Nel suo insieme la cosiddetta “Seconda Repubblica” appare più che mai, e sempre, come “L’araba fenice”, quella che “tutti sanno dove è, ma nessun lo dice”.
Chissà se i precursori della svolta del 1994 si ritengono soddisfatti di questo mutamento della politica italiana. È probabile che, per difendere l’operato di oltre quindici anni, qualcuno insista a difendere questo “pasticcio”. Ma è una difesa d’ufficio, non può assolutamente essere una
convinzione meditata.



Si è riusciti ad arrivare, in questa circostanza, a un paradosso che difficilmente si può trovare nella storia dei Parlamenti.
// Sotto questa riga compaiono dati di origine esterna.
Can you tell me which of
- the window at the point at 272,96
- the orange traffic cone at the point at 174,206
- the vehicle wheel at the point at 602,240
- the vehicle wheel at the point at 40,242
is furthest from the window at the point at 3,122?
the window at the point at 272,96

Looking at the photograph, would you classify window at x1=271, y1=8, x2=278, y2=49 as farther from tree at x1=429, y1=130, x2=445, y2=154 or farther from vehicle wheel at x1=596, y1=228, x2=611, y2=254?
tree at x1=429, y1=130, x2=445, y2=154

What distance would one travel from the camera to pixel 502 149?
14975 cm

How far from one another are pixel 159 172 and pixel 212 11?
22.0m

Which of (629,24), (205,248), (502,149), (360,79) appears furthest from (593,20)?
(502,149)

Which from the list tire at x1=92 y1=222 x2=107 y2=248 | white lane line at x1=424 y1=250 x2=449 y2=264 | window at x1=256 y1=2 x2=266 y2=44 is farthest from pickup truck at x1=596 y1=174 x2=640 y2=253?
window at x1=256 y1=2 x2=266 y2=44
Apparentemente, c’è un governo che pone la fiducia con qualche intenzione di andare alle elezioni anticipate, nonostante tante rassicurazioni, e c’è un’opposizione, tra le più variegate, che pone la sfiducia anche per fare un Berlusconi bis! Basta che sia un altro governo di facciata. 

Cercare di spiegare questo groviglio diventa spesso impossibile, se non indagando in protagonismi personali, storie intricate, alleanze con "pezzi" delle istituzioni fatte per difendere consolidati privilegi.



Il tutto avviene in uno dei momenti storici più delicati per la finanza e l’economia mondiale, con ripercussioni globali sulla tenuta sociale di vari Paesi. Il minimo che si possa dire è che questo sia un gravissimo errore che, politicamente parlando e parafrasando Talleyrand, è "peggio di un delitto".

Anche perché, riferendosi specificamente all’Italia, gli effetti della crisi economica globale sono stati  al momento contenuti, anche per l’opera di questo governo, ma soprattutto per la tenuta di questo Paese. Ma la tenuta non può essere infinita di fronte a una recessione che non è ancora stata superata e che nessuno sa esattamente quanto possa durare.

Come si può a questo punto comprendere razionalmente qualche cosa di questa crisi? In realtà, comunque vada finire in Parlamento, è difficile ritenere che tutto prosegua sino alla fine della legislatura. Perché di una nuova crisi di legislatura si tratta.
La sostanza del problema a questo punto è domandarsi se questo sistema politico di "nuovi partiti", nati quasi per caso o rifondati per convenienza, possa  effettivamente rappresentare un grande Paese come l’Italia.

E allo stesso tempo chiedersi se un sistema istituzionale come l’attuale sia in grado di garantire stabilità e futuro.

Forse sarebbe bene rendersi conto che, come si diceva nel 1994, non ci sono più (se mai ci sono state) "vie d’uscita europee". Non ci sono "questioni morali" da porre con tormentoni petulanti, invocando regole che dovrebbero garantire una sorta di società perfetta. Esistono invece grandi lobbies mondiali in settori come la finanza, l’energia e i media, che possono essere tenute a bada solo con l’azione di governi solidi e con accordi possibili tra governi solidi.

Ora, pensare che in Italia il problema sia il cavalier Silvio Berlusconi, oppure un "Berlusconi bis" è come scambiare lucciole con lanterne. Tanto rumore per nulla.